The bill, the government of Uganda, and the evangelicals involved have received significant international media attention as well as criticism and condemnation from many Western governments and those of other countries, some of whom have threatened to cut off financial aid to Uganda. The bill has also received protests from international LGBT, human rights, civil rights, and scientific organisations. In response to the attention, a revision was introduced to reduce the strongest penalties for the greatest offences to life imprisonment. Intense international reaction to the bill, with many media outlets characterising it as barbaric and abhorrent, caused President Yoweri Museveni to form a commission to investigate the implications of passing it. The bill was held for further discussion for most of 2010. In May 2011, parliament adjourned without voting on the bill; in October 2011 debate was re-opened. Bahati re-introduced the bill in February 2012.
In November 2012, Uganda agreed to pass a new law against homosexuality by the end of 2012 as a “Christmas gift” to its advocates, according to the speaker of parliament.
How a private members BILL becomes LAW in UGANDAN PARLIAMENT
by Kasha on Wednesday, November 21, 2012 at 9:11pm ·
THE PARLIAMENT OF THE REPUBLIC OF UGANDA
The Process of the Bill in Parliament
How a Bill becomes Law
1. PRIVATE MEMBER’S BILL. Article 79(1) of the constitutional provides that
“parliament shall have the power to make the Laws on any matter for the peace, order,
development and good governance of Uganda”.
A bill is a draft of an Act of parliament and includes both a private member’s Bill
and a Government Bill. A private member’s Bill is moved by a backbench MP.
. MP. Committee chairperson moves motion seeking leave (permission) to present
private member’s Bill.
. Provides proposed draft of the Bill.
. MPs debate and vote on motion.
. If the MPs reject the motion; the private member’s Bill is dropped.

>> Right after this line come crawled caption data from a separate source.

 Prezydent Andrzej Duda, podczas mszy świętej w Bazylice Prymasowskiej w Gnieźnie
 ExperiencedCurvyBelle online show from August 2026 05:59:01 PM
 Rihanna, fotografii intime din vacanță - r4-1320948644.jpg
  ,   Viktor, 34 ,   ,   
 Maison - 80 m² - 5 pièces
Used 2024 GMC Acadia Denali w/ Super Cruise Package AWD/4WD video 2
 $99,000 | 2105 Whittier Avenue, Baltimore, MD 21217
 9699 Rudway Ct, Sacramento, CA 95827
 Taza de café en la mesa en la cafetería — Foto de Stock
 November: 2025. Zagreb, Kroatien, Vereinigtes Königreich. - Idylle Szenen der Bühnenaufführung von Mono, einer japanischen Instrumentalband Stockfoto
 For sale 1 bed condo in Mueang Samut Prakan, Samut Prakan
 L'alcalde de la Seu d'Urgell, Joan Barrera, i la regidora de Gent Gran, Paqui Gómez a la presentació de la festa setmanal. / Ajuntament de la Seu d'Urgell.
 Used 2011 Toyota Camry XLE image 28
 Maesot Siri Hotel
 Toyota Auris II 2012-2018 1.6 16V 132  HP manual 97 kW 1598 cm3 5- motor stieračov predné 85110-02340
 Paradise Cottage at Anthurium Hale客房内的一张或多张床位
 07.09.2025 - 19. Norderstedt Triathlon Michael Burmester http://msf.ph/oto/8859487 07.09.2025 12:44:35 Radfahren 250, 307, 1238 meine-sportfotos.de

. If the motion is approved: printing and publication of the Bill is done by clerk to
. Bill is published in the Gazette
. Private member’s Bill is introduced for the first reading accompanied by certificate
of financial implication.
. Speakers refer Bill to appropriate committee.
. Committee scrutinizes Bill
o Calls responsible mover(s)
o Calls various stakeholders and government in public hearings
o Reviews relevant and related laws/documents
o Writes report with proposed amendments to plenary
. Mover moves and justifies motion for second Reading of the Bill
. Committee chairperson presents report on the Bill
. Minority Report is presented (if it exists )
. MPs debate committee report on principles of the Bill
. Parliament votes for second Reading of the Bill
. Bill referred to the committee of the whole house
D. Committee of the Whole House
. Committee of the whole house means a committee composed of the whole body MPs.
. Chaired by the speaker /deputy speaker (referred to as chairperson)
. Sits in the chamber.
. Speakers leaves the chair, sits at the clerk’s Table
. MPs approve causes, and schedules of the Bill.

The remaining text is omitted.